> _Your task_
Determine the number of lines in these entries that hold the word "Thumbnail". Give the number and nothing more.

:: Working data

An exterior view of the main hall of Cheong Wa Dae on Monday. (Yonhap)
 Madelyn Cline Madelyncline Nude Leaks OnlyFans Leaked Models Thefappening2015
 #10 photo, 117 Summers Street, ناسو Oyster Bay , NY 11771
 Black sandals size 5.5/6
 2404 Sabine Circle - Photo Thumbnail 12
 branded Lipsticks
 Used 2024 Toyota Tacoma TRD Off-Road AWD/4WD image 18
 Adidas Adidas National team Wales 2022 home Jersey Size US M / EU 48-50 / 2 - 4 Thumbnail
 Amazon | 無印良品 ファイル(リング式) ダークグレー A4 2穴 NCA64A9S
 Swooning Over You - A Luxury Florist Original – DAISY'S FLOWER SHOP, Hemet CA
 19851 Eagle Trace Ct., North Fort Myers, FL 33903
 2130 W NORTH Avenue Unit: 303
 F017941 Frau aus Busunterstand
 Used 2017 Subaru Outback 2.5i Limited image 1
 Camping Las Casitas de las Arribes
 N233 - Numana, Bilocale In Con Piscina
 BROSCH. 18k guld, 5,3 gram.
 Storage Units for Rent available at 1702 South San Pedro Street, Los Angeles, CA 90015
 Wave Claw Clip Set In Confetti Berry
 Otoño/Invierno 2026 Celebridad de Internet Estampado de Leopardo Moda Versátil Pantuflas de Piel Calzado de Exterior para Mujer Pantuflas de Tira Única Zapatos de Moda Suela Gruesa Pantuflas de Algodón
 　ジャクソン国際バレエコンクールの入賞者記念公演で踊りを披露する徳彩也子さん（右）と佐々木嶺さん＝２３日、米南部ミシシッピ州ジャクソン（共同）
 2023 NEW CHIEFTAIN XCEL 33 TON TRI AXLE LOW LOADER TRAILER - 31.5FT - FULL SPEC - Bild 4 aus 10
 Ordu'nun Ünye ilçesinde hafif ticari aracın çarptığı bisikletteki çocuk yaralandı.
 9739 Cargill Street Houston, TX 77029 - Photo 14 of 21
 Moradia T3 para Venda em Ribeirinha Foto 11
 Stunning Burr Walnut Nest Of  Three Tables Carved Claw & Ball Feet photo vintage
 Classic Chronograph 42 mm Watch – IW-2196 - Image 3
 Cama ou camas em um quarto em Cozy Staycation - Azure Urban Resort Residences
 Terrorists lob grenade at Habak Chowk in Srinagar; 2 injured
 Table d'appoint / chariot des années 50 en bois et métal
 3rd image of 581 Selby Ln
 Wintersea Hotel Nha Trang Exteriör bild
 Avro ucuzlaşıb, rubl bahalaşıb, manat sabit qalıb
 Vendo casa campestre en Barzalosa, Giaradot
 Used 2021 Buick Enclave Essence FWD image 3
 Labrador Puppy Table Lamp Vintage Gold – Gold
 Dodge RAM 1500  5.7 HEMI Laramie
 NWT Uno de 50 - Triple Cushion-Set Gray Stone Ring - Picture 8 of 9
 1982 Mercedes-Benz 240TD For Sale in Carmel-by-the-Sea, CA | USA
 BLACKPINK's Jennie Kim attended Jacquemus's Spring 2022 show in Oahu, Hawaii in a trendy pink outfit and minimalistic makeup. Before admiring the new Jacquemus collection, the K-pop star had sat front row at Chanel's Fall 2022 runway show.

::::

> _Result below_
2